_WORK TO COMPLETE_
Leave out any picture and return the remaining listing below exactly as given.

_PROVIDED DATA_
^^^^^^^^

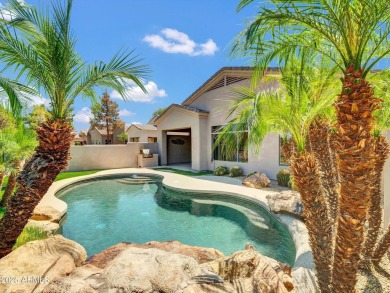 Enjoy your resort style backyard with its private heated pool on Raven Golf Club At South Mountain in Arizona - for sale on GolfHomes.com, golf home, golf lot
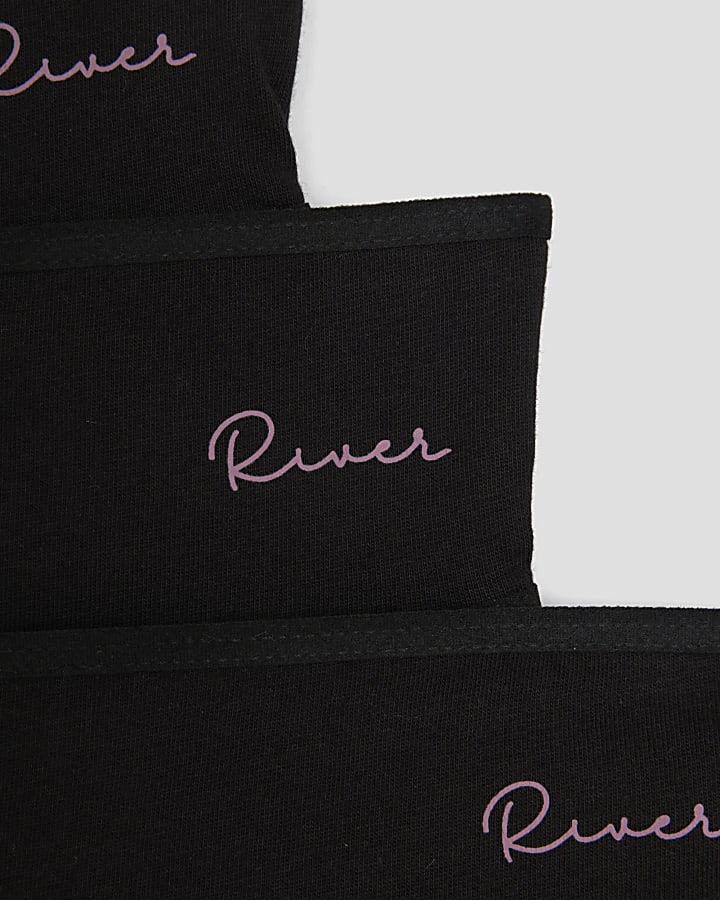Girls Black Pack Of 7 Briefs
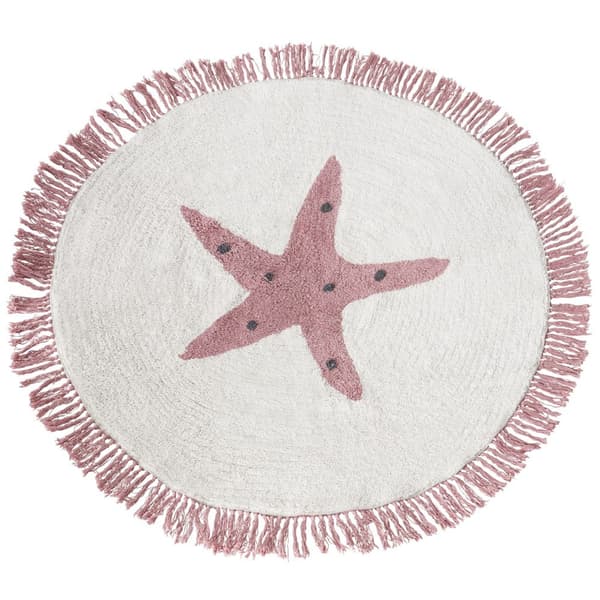 Børnetæppe i bomuld med stjernemotiv 120 cm råhvid STJERNER Lumarko!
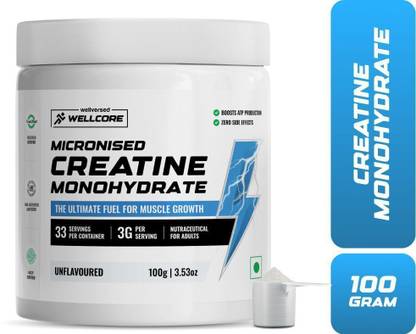Wellcore Micronised Creatine Monohydrate | Lab Tested | Enhanced Absorption | 100% Pure Creatine  (100 g, Unflavored)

^^^^^^^^

_RESPONSE AREA_
 Enjoy your resort style backyard with its private heated pool on Raven Golf Club At South Mountain in Arizona - for sale on GolfHomes.com, golf home, golf lot
Girls Black Pack Of 7 Briefs
 Børnetæppe i bomuld med stjernemotiv 120 cm råhvid STJERNER Lumarko!
Wellcore Micronised Creatine Monohydrate | Lab Tested | Enhanced Absorption | 100% Pure Creatine  (100 g, Unflavored)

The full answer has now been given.